ASSIGNMENT:
Leave out the pictures, and copy exactly the lines from the line with "Photo of Roozy" through the last line of the data below.
--- START ---
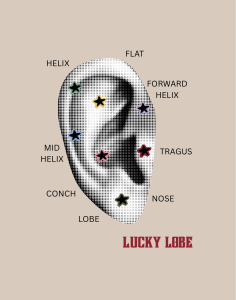 Ear Diagram (11 x 14 in)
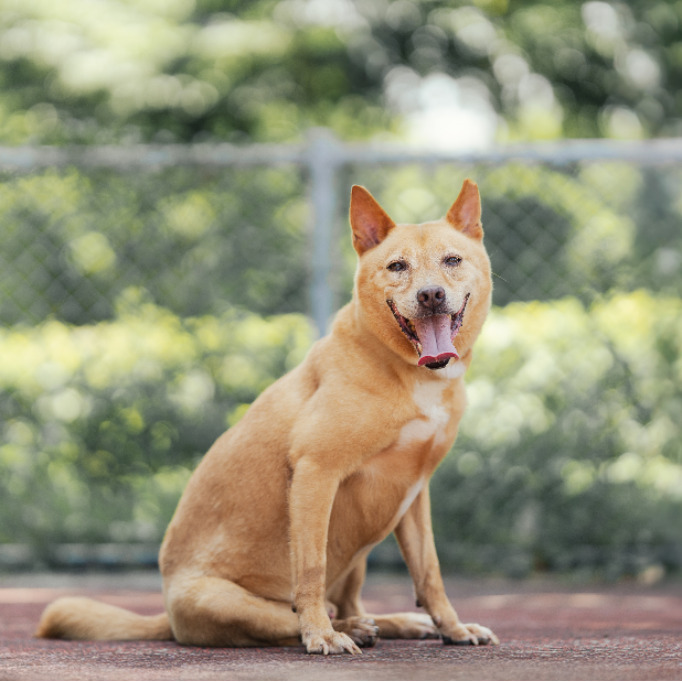 新北市已領養狗 混種犬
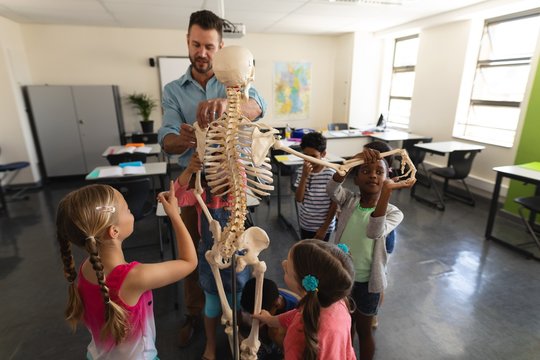 Male teacher explaining skeleton model in classroom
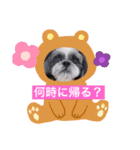 愛犬スタンプ うめぷー、ぼぶむさ（個別スタンプ：1）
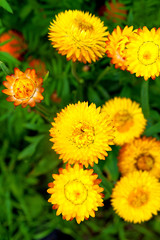  Helichrysum or Strawflower in outdoor garden, Helichrysum bract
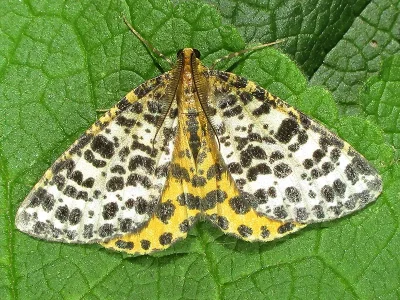 Arichanna melanaria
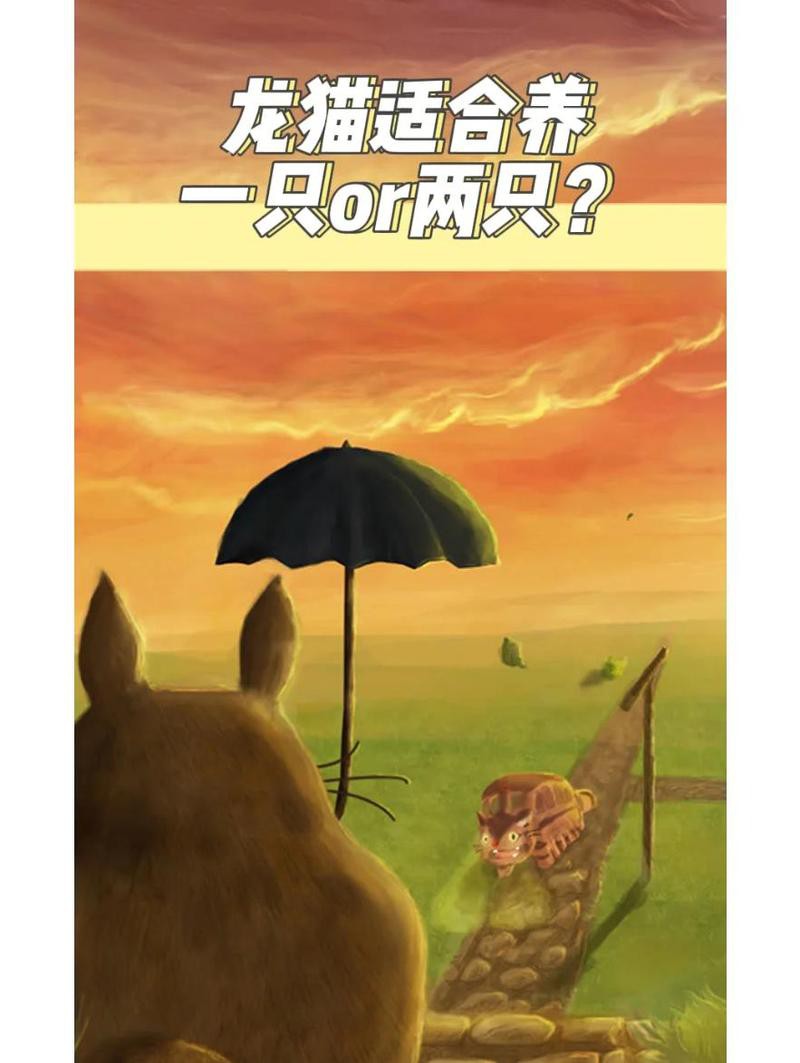 雙養龍貓需要多大的房間？，雙養龍貓需要多大的籠子，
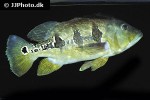 cichla orinocensis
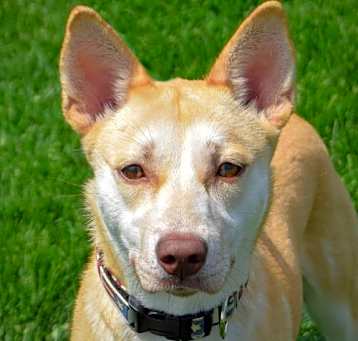 Photo of Roozy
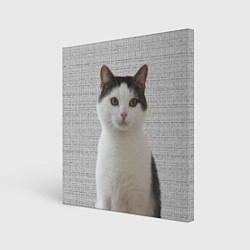 Холст квадратный Задумчивый котик, цвет: 3D-принт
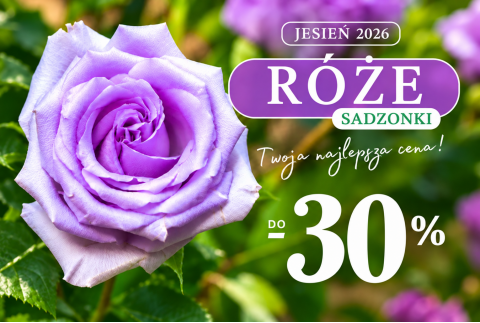 Róże – sadzonki Jesień 2026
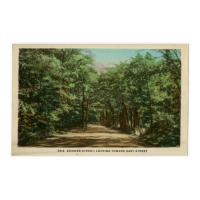 Image: Summer Street, Looking Toward East Street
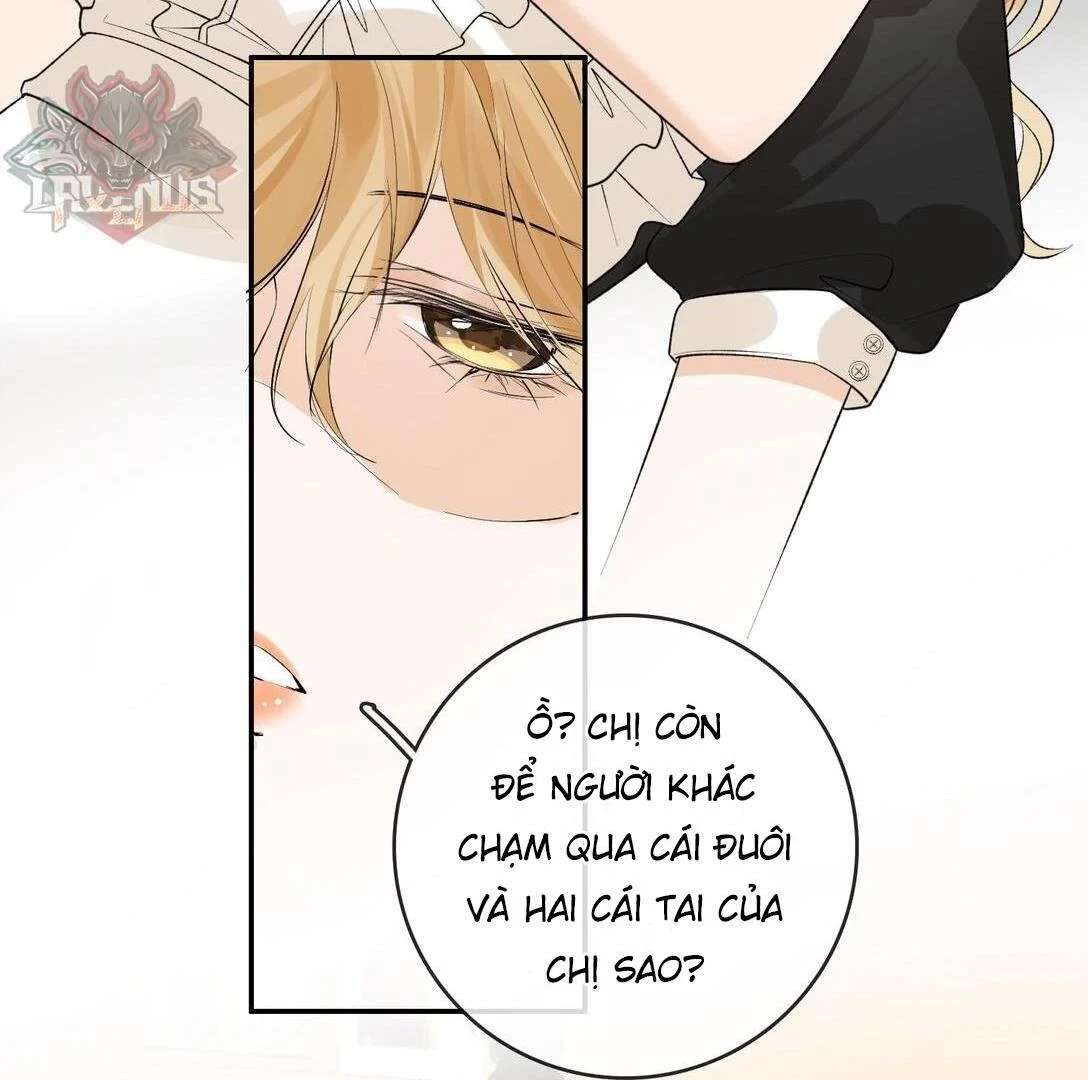 Sói Tiểu Thư Và Em Gái Hồ Ly Của Tôi Chapter 31 - 18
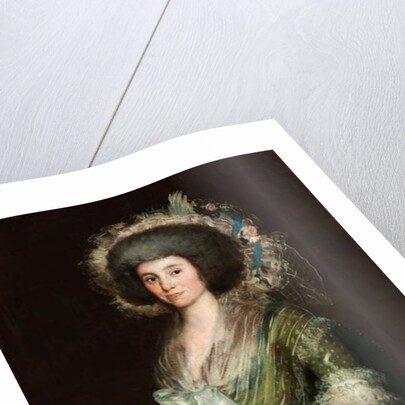 Portrait of Dona Manuela Camas, 1795 by Francisco Jose de Goya y Lucientes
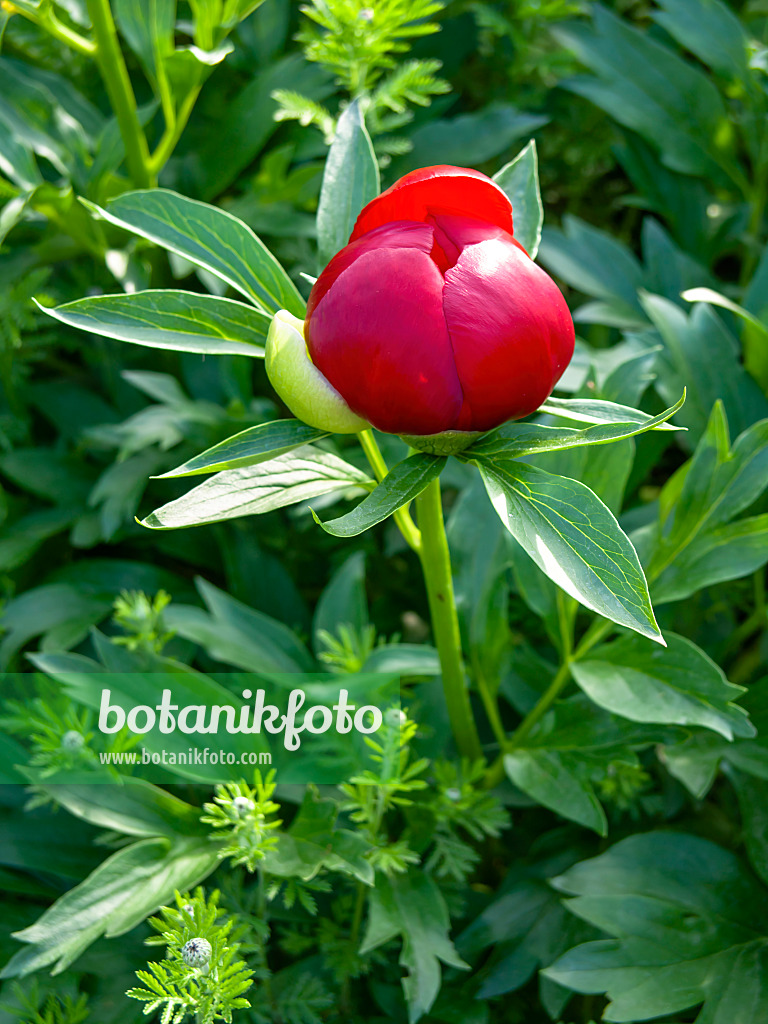 438001 - Scarlet peony (Paeonia peregrina)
--- END ---
EXERCISE RESPONSE:
 Photo of Roozy
 Холст квадратный Задумчивый котик, цвет: 3D-принт
 Róże – sadzonki Jesień 2026
 Image: Summer Street, Looking Toward East Street
 Sói Tiểu Thư Và Em Gái Hồ Ly Của Tôi Chapter 31 - 18
 Portrait of Dona Manuela Camas, 1795 by Francisco Jose de Goya y Lucientes
 438001 - Scarlet peony (Paeonia peregrina)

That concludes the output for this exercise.